I am pleased to announce Release 5.6 of the Real Statistics Resource Pack. The new release is now available for free download at Download Resource Pack for Excel 2007, 2010, 2013 and 2016 (Windows) environments. Release 5.6 will be available for Excel 2011 and Excel 2016 for Mac by tomorrow.
The various examples workbooks have also been updated for compatibility with the new release. The Real Statistics website will be updated over the course of the next several days to reflect the new capabilities.
If you are getting value from the Real Statistics website or software, I would appreciate your donations to help offset the costs of the website by going to Please Donate.
The following is a summary of the new features in Release 5.6. The first few new features provide additional support for missing data and unbalanced models.
Chi-square Test for Independence with missing data
A version of the chi-square test for independence has now been included based on the EM algorithm which deals with missing data. Missing row and column data are imputed and a chi-square test based on the maximum likelihood function is performed. The following new functions have been added:
EM_CHISQ(R1, iter, prec): outputs an array with the estimated multinomial p (i.e. probability) parameters
EM_CHISQ_IMPUTE(R1, iter, prec): outputs an array with imputed data values
EM_CHISQ_EXP(R1, iter, prec): outputs an array with the estimated multinomial p parameters assuming independence
EM_CHISQ_EXP_IMPUTE(R1, iter, prec): outputs an array with imputed data values assuming independence
EM_CHISQ_TEST(R1, lab, iter, prec): outputs an array containing the chi-square statistic, df and p-value of the test for independence; if lab = TRUE (default = FALSE), then a column of labels is appended to the output.

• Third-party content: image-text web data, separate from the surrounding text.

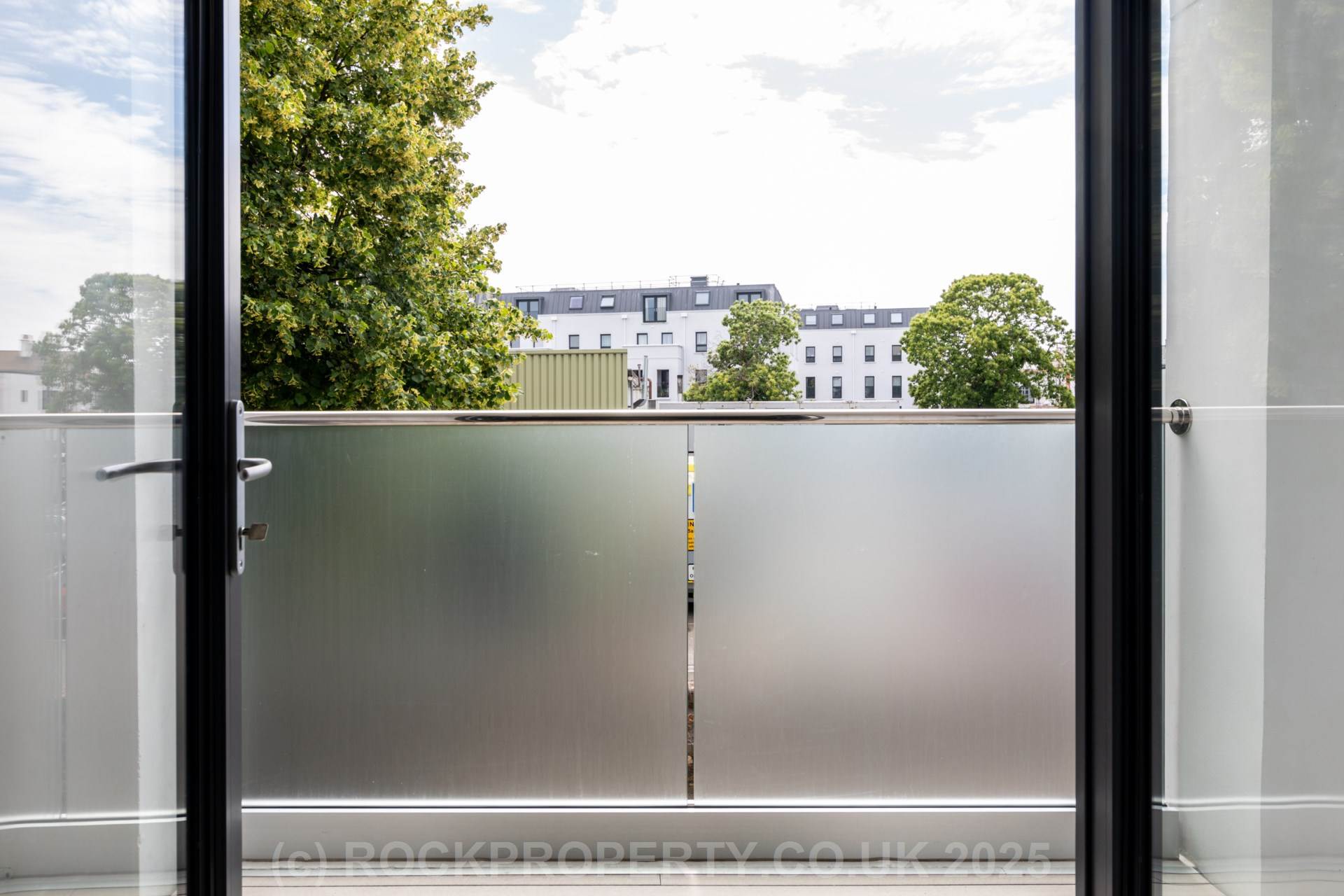 IMMACULATE 1 BED WITH PRIVATE BALCONY, The Cube, Roussel Street, Image 10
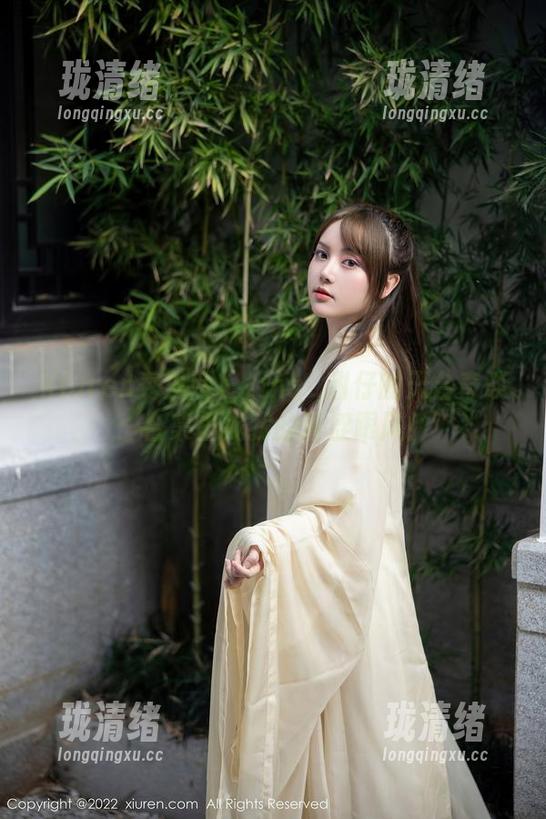 Xiuren秀人网-tina_甜仔 Xiuren秀人网 - tina_甜仔的天台奇谈:合集里找我的青涩跟风!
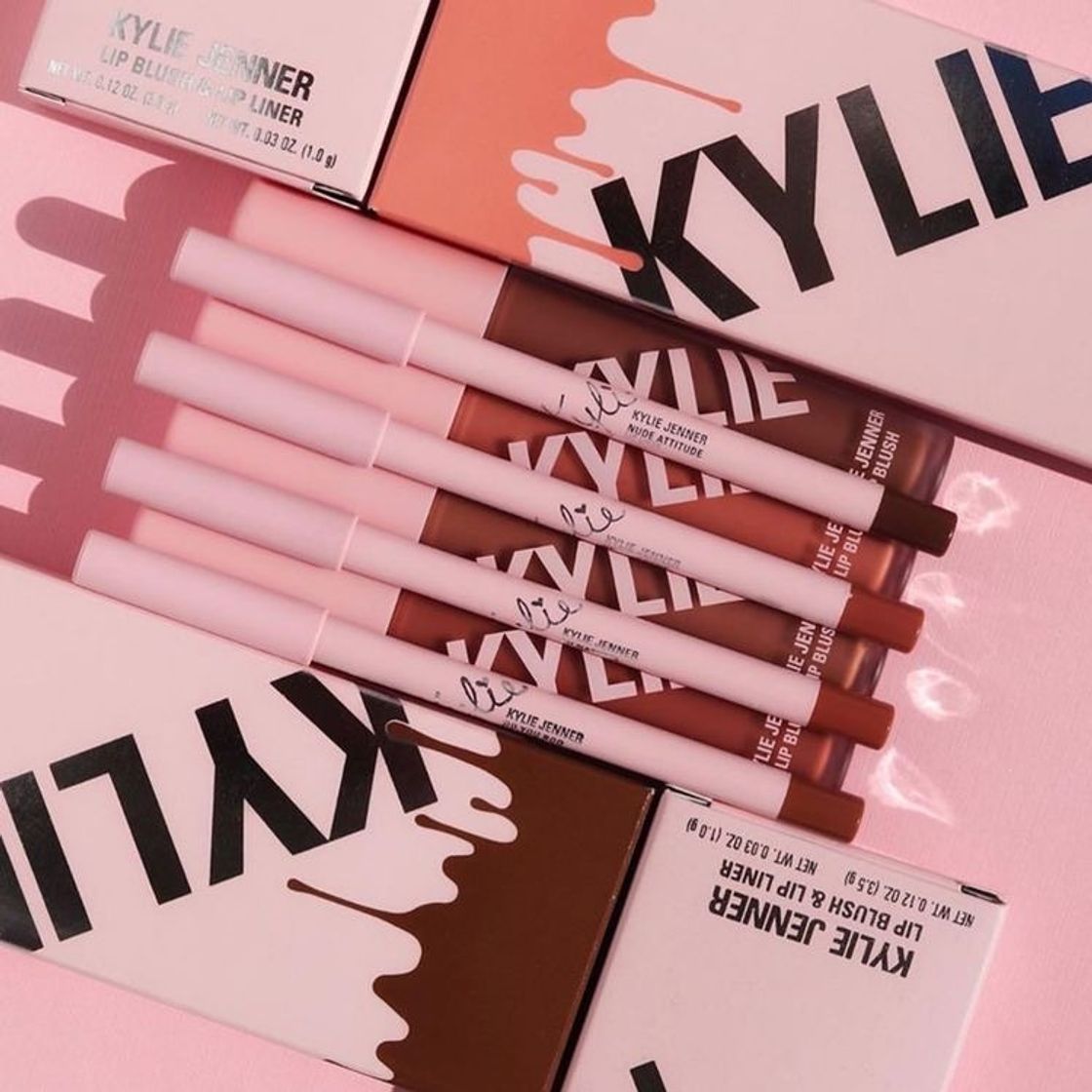 Fashion Kylie Cosmetics 🖤✨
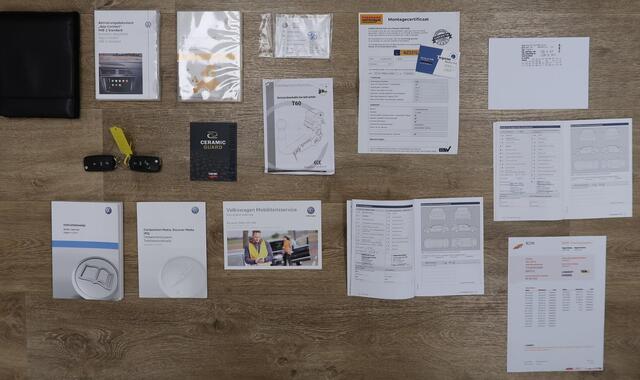 Volkswagen BEETLE (NEW) Cabriolet 1.4 TSI Karmann Automaat Leer/Alcantara Navigatie Trekhaak Xenon LED 2e Eigenaar NL-auto NAP 18 inch Disc Nieuwstaat Boekjes aanwezig App connect extra meters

iter = the maximum number of iterations (default 200). If none of the imputed values change by more than prec (default 0.00000001) then the iteration terminates.
The Real Statistic Chi-square Test for Independence data analysis tool has also been enhanced by the inclusion of a Contains missing data option. This supports the chi-square test of independence for data in either Excel or Standard (i.e. stacked) format even when there is missing data.
Multivariate Normal Data with Missing Values
Given an array of data which follows a multivariate normal distribution (i.e. the extension of a normal distribution to more than one dimension), any missing values are imputed using the EM algorithm and an estimate of the covariance matrix of the data as well as the means of each column in the input is produced. The following new functions have been added:
EM_MNORM_IMPUTE(R1, iter): outputs an array containing the data in R1 but with any missing data elements imputed.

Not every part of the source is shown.